Thus, Spearman's Hypothesis does not warrant any of the farreaching claims Jensen and some of his followers (e.g., Herrnstein and Murray) have attached to it. In particular, it does not validate the existence of a general ability g as Jensen has asserted. Nor does it have any bearing on the race question.
Publication  is a Target Article on this topic, followed by numerous commentaries. Most of them endorse the stringency of the above reasoning. For a chronicle of the incredibly protracted history of this paper, see .
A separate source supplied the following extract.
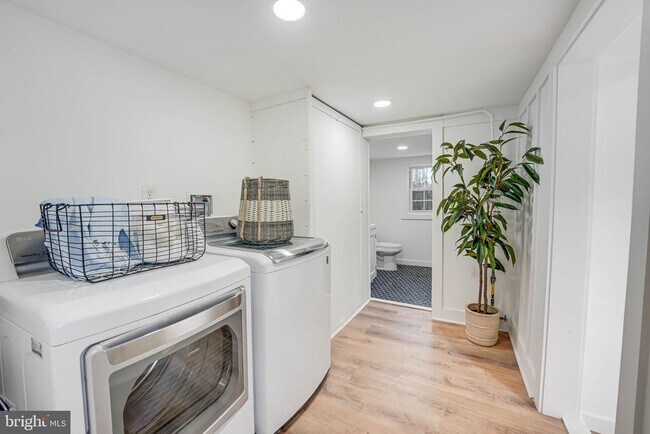 Building Photo - 102 N Rogers St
(c) Hit-Rate BiasIn view of the severe implications of a mistaken interpretation of discrepancies in IQ performance of various ethnic groups, much attention has been focused on the question whether these discrepancies might conceivably be the result of a bias favoring some groups over others (perhaps also, males over females). A. Jensen (1980) devoted a whole book to this issue, befittingly entitled Bias in Mental Testing. He concluded that such worries are unwarranted so far as the Black/White discrepancy is concerned because, if anything, conventional IQ tests overpredict Black criterion performance.
With this reasoning Jensen followed tradition in adopting an institutional point of view (e.g. that of universities) over that of the applicants, by focussing on regression equations and validity coefficients. From an institutional point of view, a test is useful if it improves the composition of the subgroup that is eventually hired or admitted on the basis of superior test performance. From this point of view, one can show that even a test with low validity has some merit, as long as the hiring institution employs a sufficiently stringent admission quota (by raising the test cut-off).
However, this narrow perspective ignores two important aspects of the bias problem:
(a) the base-rate problem:
By solely focusing on the regression equation and correlations ( predictive validities), the traditional approach to the bias problem ignores the fact that a valid test can be worse than useless if the base-rates (= proportion of qualified candidates) are sufficiently skewed. To illustrate this briefly, suppose the base-rate of a clinical syndrom (e.g., schizophrenia) is 1%. In this case we could achieve 99% correct predictions by simply predicting that everybody is "normal", regardless of test performance. For a test to achieve such a high degree of correct prediction, it would have to have an unrealistically high predictive validity.More generally, validity coefficients by themselves (in the absence of knowledge of base rate and quota), are meaningless as indicators of the pratical utility of a test.
Though this was already known to Meehl and Rosen (1955), it has been conveniently ignored in the meantime.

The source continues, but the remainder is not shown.